The reduction in sales volume is due to external and supply-driven factors. The tax holiday gave a boost to the car market last year


MERCEDES-BENZ Malaysia Sdn Bhd expects sales for the year to be lower year-on-year (YoY) thus ending the company’s five-year streak of record numbers of cars sold.

Its sales and marketing passenger cars VP Michael Jopp said the reduction in sales volume is due to external factors and partly due to the tax holiday last year.

“The volume is going to be less than last year’s mostly due to external factors and supply-driven factors, which, to some extent, are beyond our control. The tax holiday gave a boost to the car market last year and so, a YoY comparison is a little bit unfair,” Jopp told The Malaysian Reserve in an interview recently.

Jopp said the company sees a change in local customer behaviour due to global economic uncertainties.
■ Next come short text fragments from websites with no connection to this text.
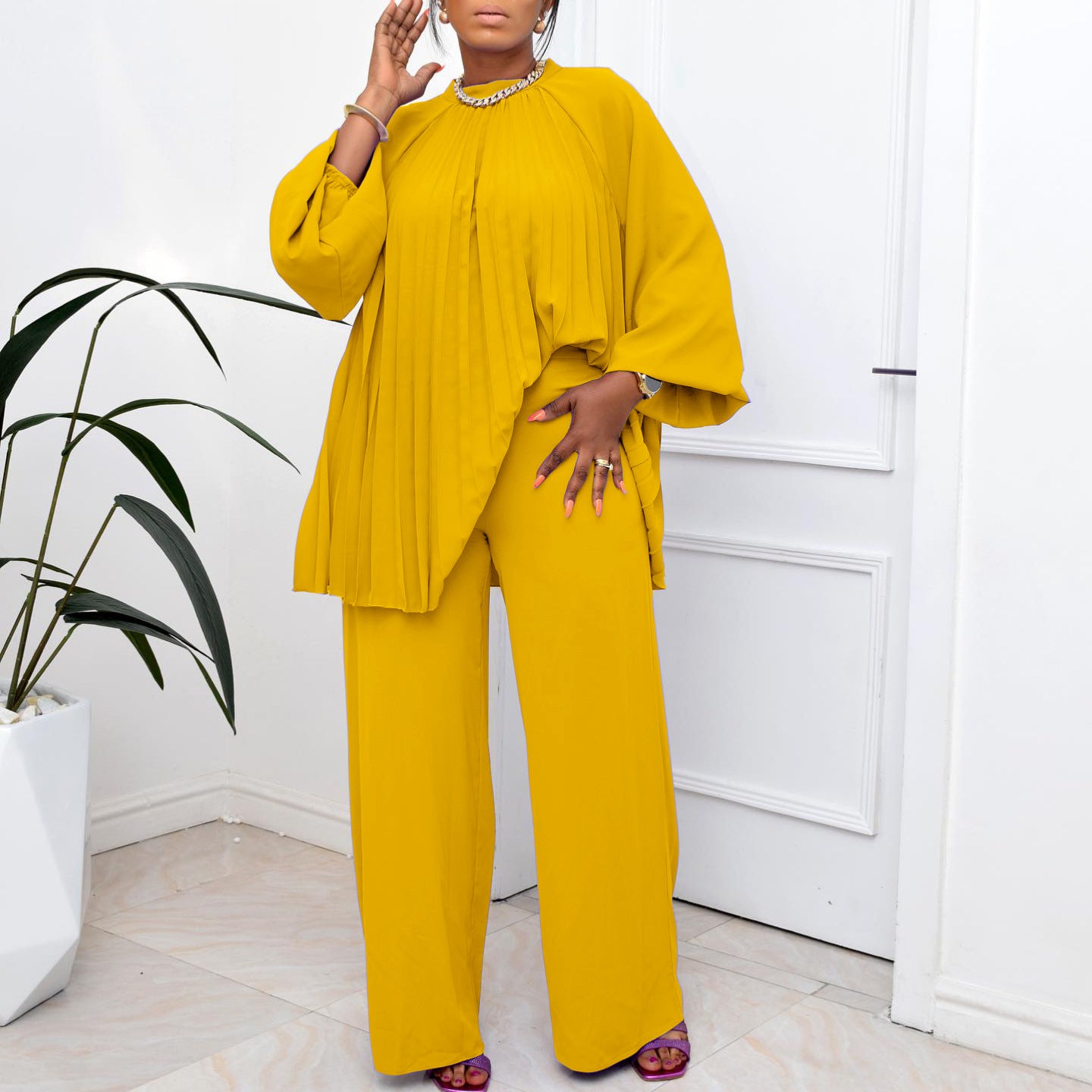 Women's Autumn Fashionable Loose Pleated Plus Size Chic Two Piece Suit 9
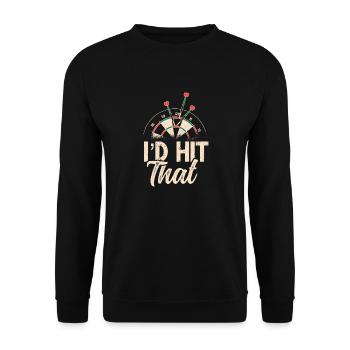 Darts playing i'd hit that throwing bullseye darts - Unisex Sweatshirt - black - Front - Alina (178cm) & Michal (187cm)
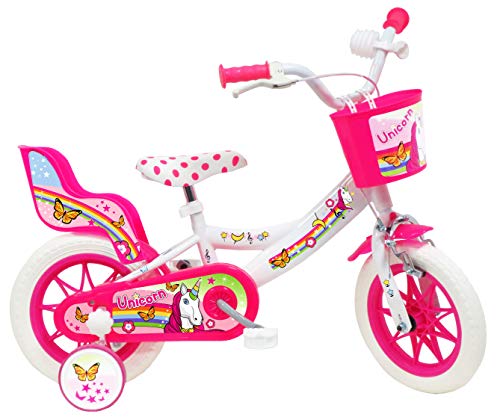 Denver Unicorn Bicicleta, Niños, Blanco-Rosa, 12" (30,5 cm)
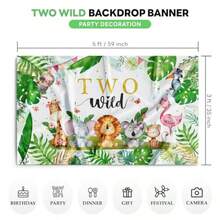 D Two Wild Birthday Party Decorations Plies For Baby Boys Girls  Animal 2nd Backdrop Banner Background Jungle Boy 2nd Birthday Party Baby Shower Decorations Photography Background 5x3ft - 多色綠色 - 查看 2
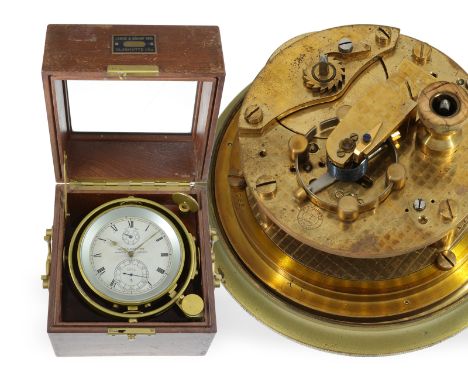 Marine-Chronometer: interessantes A. Lange &amp; Söhne Marinechronometer No.2654, mit Stammbuchauszug: Ca. 18,5 × 18,5 × 18cm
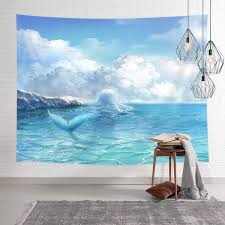 Blue sky angel wings tapestry. Cute Mermaid Tapestry Wall Hanging Novelty Blue Ocean And Sky Cloud Little Mermaid For Kids Girls Tapestry Wall Art Home Decorations For Bedroom Dorm 59x59 Inches Wish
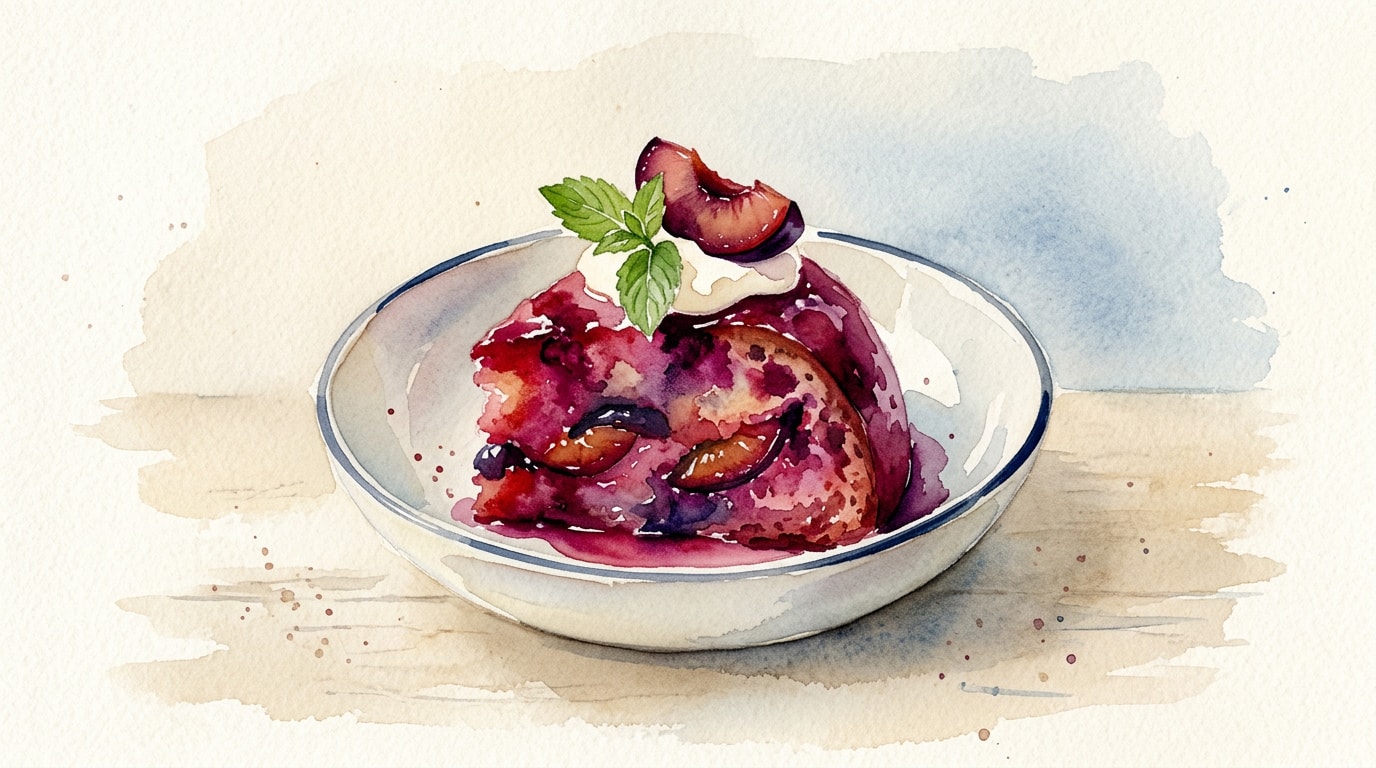 Chilled Plum Summer Pudding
“The customer sentiment has changed. I think people are more cautious and careful before they go into purchasing decisions,” he said.

Regardless, Jopp views the current situation is an aberration of long-term growth trend and will normalise in the future.

“I am confident this will neutralise over time,” Jopp said.

To date, Mercedes deliveries are below last year’s number, although the final quarter is expected to boost sales, contributed by improved supply situation.

“I am confident the fourth-quarter sales will end up significantly on a high note,” he added.

Mercedes achieved a fifth consecutive record year in 2018, with a total of 13,079 cars delivered, an increase of 9% or 1,034 units from 12,045 units recorded in 2017.

The German marque is leading the local premium segment at a 2.4% market share ahead of competitors like BMW Malaysia Sdn Bhd and Volvo Cars Malaysia Sdn Bhd.

Jopp, who assumed his position about three months ago from his previous tenure at Mercedes-Benz India, said the company is determined to be part of the local automotive industry’s transformation into electrification.

“The transformation we are seeing in the market is the shift from the combustion engine to plug-in and electric mobility. I think it is a very exciting opportunity to be part of that transformation and also to determine the way forward in that transformation,” he said.

Jopp said the company is looking at exporting to Asean countries where the brand does not have any local manufacturing facility, after having penetrated the Philippines market recently.

In August, the company announced it had started exporting the first complete knock-down lefthand drive Mercedes-Benz C-Class to the Philippines from its plant in Pekan, Pahang.

Jopp said the first batch of exports to the Philippines will be 100 cars, but the company is ready to do more.

In the next five years, the carmaker will focus on customers’ needs, while participating in the industry’s transformation.

“We will be customer-centric as much as possible and this is the direction going forward, as well as the transformation to an electric vehicle in the next five years,” he said.